New York’s municipalities collected nearly $17 billion in sales tax revenue in 2019, representing 9.7 percent of all local government revenue, according to a comprehensive report on local sales tax released today by State Comptroller DiNapoli. Every county and city in the state, along with many towns and villages, depend on these funds to pay for essential services and operations, revealing the statewide impact of the revenue losses from the pandemic.
“COVID-19 has decimated local sales tax revenue this year, blowing holes in the budgets of municipalities across New York State,” DiNapoli said. “As we work to rebuild our economy, we must also help repair the damage that has already been inflicted. Just as our Main Street small businesses can’t rebuild alone, our local governments don’t have the means to do this themselves. Direct aid from the federal government is needed to help our communities recover.”
Counties and cities outside New York City were the most dependent classes of local government on sales tax revenue, at 28.7 percent and 18.9 percent of total revenue, respectively. In 2019, New York City collected nearly $8 billion or 47.4 percent of all local sales tax revenue, although it only made up 8.7 percent of total city revenue.
Excluding the amounts they share with other local governments, counties received $6.7 billion, or 40 percent, of all local sales tax revenue in 2019. Over the past two decades, counties have become increasingly reliant on sales tax revenue, as it has grown at a faster average annual rate (3.5 percent) than all other revenue sources combined (1.8 percent) from 1999 to 2019. This has heightened counties’ fiscal risk since sales tax can be a volatile source of funds during uncertain economic times.
DiNapoli’s report found that 46 of the 57 counties shared nearly $2 billion in sales tax revenue with other local governments within their borders in 2019, with significant variations in how much they share and how it is allocated between cities, towns and other local entities. Thirteen counties shared more than 40 percent of their sales taxes, including Monroe (63 percent), Jefferson (53 percent), and Cayuga (49 percent). Conversely, seven counties shared less than 10 percent. The 36 counties with cities within their borders shared an average of 30 percent of their sales tax revenue.
The state has increasingly been tapping local sales tax collections for various purposes. In the State Fiscal Year (SFY) 2019-20 Enacted Budget, $59 million was directed to be withheld annually from counties’ collections to make unrestricted aid payments to most towns and villages, permanently shifting this burden from the state for these State Aid and Incentives for Municipalities payments, also known as AIM payments. A portion of New York City’s sales tax revenue was directed to be withheld to fund a Central Business District Tolling Capital Lockbox for the Metropolitan Transportation Authority, at $127.5 million in SFY 2019-20 and $170 million in SFY 2020-21, increasing by 1 percent annually going forward.
The SFY 2020-21 Enacted Budget further reduced sales tax distributions to counties outside New York City by $50 million annually for the next two years, to be put in a State fund for financially distressed hospitals and nursing homes. New York City will have $200 million in sales tax distributions withheld each year for the next two years for the same purpose. In prior years, sales tax intercepts had been used in only a few places, and only to assist specific counties and cities with their own fiscal stability and debt security.

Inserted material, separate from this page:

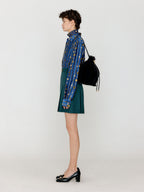 EENK VABRINA Gold-trimmed Mini Skirt - Green Check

These state reductions have at least partially offset recent positive impacts on local sales tax revenue, including a 2018 U.S. Supreme Court ruling that allowed states to require online retailers to collect and remit sales tax regardless of whether they have a physical presence in the state, along with a provision in the SFY 2019-20 Enacted Budget that requires online marketplaces, such as eBay and Etsy, to collect and remit sales tax to New York on behalf of third-party sellers.
DiNapoli has been monitoring and reporting actual local sales tax revenues on a monthly, quarterly and annual basis to help local communities and policy makers stay informed about this important revenue source.